Often, this experience is less about the person themselves and more about what the relationship represented:
safety
familiarity
identity
emotional regulation through connection
hope for a different outcome
or a version of yourself that felt more alive inside that bond
So when you say “I can’t let go of them,” what you are often really saying is:
“Something in me is still attached to what that connection meant for me.”
And that takes time, and support, to unwind.
Therapy as the place where attachment actually gets processed
This is where therapy becomes less about advice and more about integration.
Because what keeps people stuck is rarely lack of understanding.
It’s that the emotional system hasn’t had a place to fully process what happened.
In therapy, something different becomes possible.
You don’t just talk about the relationship—you begin to notice:
what gets activated when you think of them
what patterns repeat in your longing or avoidance
what needs were present underneath the attachment
and how your nervous system responds in real time
Over time, this is where change actually happens.
Not through force.
But through experience being met, understood, and slowly integrated.
EMDR and why your body matters in letting go
Approaches like EMDR (Eye Movement Desensitization and Reprocessing) are especially relevant here because they work with how the body naturally processes emotional experience.
Similar to REM sleep, EMDR helps the nervous system digest “stuck” emotional material so it is no longer held in the same active, triggering way.
This is important because part of what keeps people emotionally tethered to past relationships is not just thought—but stored emotional activation in the body.
When that begins to shift, the attachment doesn’t disappear—but it changes.
It becomes quieter. Less charged. More integrated.
Letting go is not erasing
There is often fear in this process: that letting go means losing something meaningful.
But real letting go is not erasure.
You don’t lose the relationship.
You don’t lose what it meant.
You don’t lose the parts of yourself that came alive in it.
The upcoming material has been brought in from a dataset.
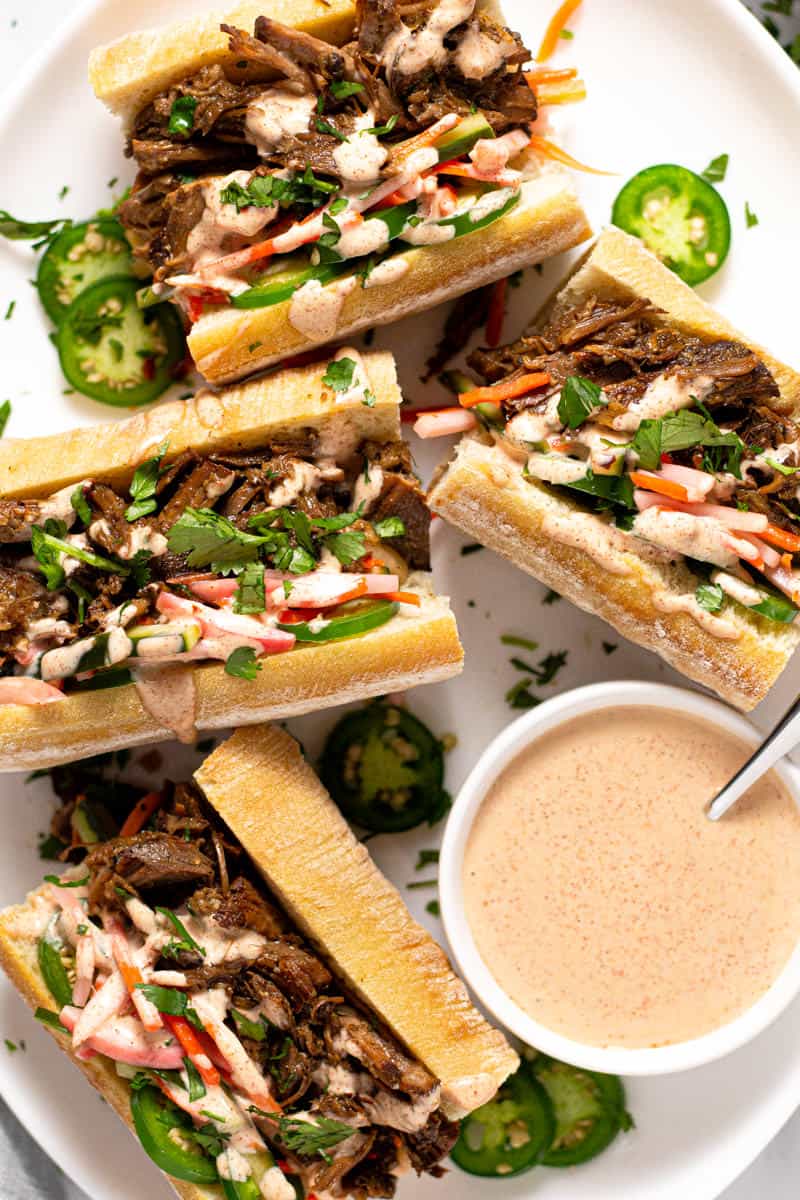 Overhead shot of a white platter filled with banh mi garnished with pickled veggies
Instead, something more integrated happens.
You begin to carry forward what was meaningful in a different form.
The love, the learning, the growth, the parts of you that expanded inside that connection—they don’t disappear.
They become part of your internal landscape, not something you have to keep reaching backward to feel.
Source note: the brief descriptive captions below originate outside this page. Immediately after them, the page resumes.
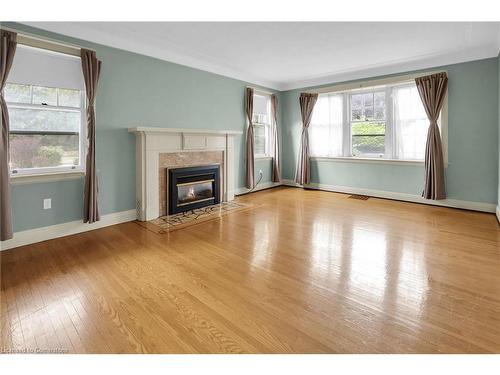 77 Main Street E, Grimsby, ON - Indoor Photo Showing Living Room With Fireplace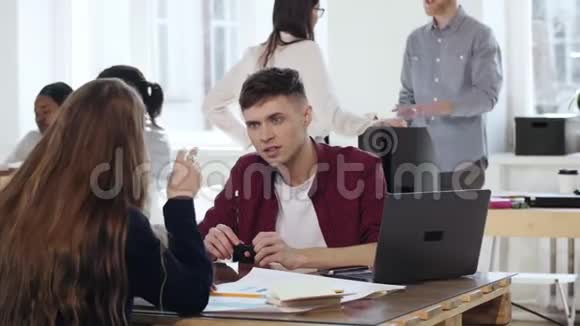 严肃的年轻商人听着女同事的谈话坐在办公室的桌子上在阁楼上时髦地合作视频的预览图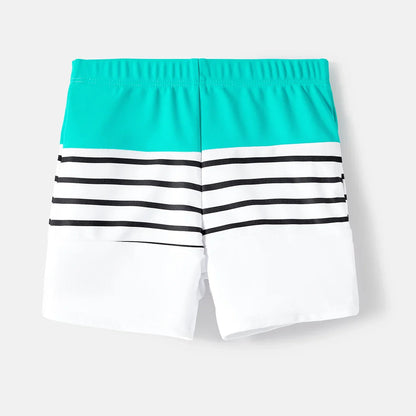 Full view of family matching striped swimwear against a bright summer background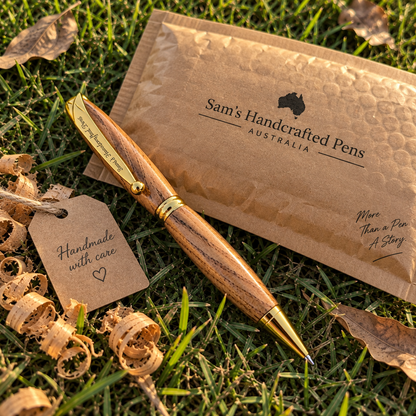 A wooden pen with gold metal accents lies on green grass beside a brown kraft paper pouch labeled 'Sam's Handcrafted Pens Australia' and a small tag reading 'Handmade with care.'.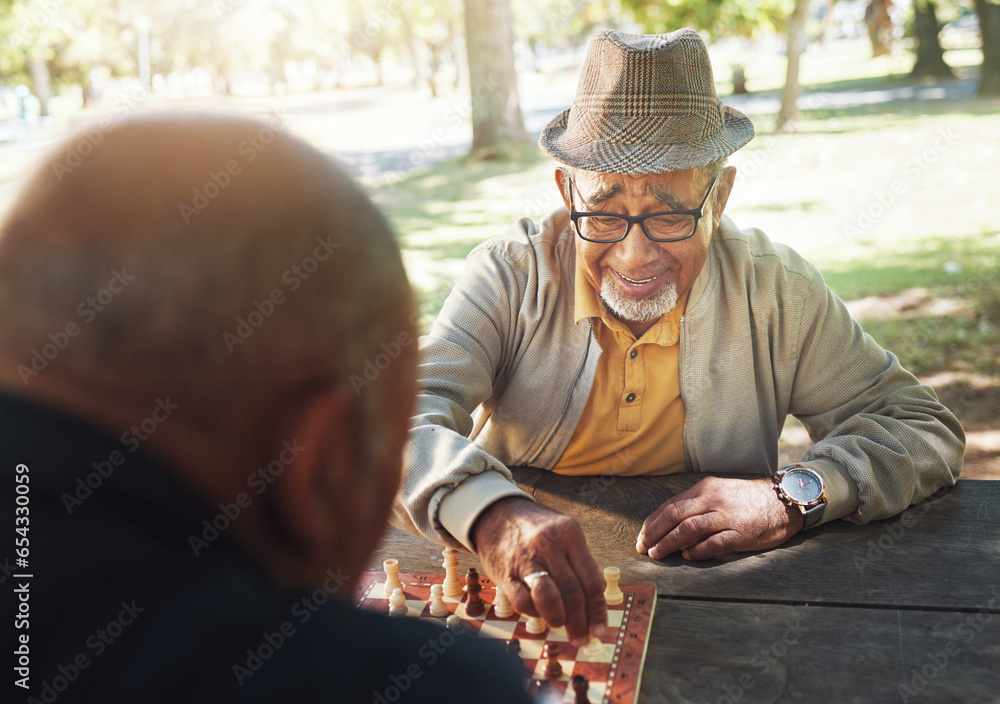 Friends, senior and game of chess outdoor and happy or playing with strategy or thinking challenge in retirement. Winning, boardgame and elderly person with king in checkmate in park, woods or nature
A quieter truth underneath the question
When someone asks:
“Why can’t I get over this person?”
What is often underneath is something more vulnerable:
“What do I do with the part of me that still feels connected?”
And even deeper:
“Can I become whole again without losing what mattered?”
The answer is yes.
But not by forcing disconnection.
By allowing integration.
A final note
If you are in this place, nothing about your experience means you are stuck or broken.
It means something mattered enough to leave a mark.
And your system is still working its way through it.
AI can help you think about your experience.
But healing happens in relationship—where what is still emotionally active can be seen, held, and gradually integrated over time.
That is what therapy is for.
Not to erase what you feel.
But to help your system finally stop holding it alone.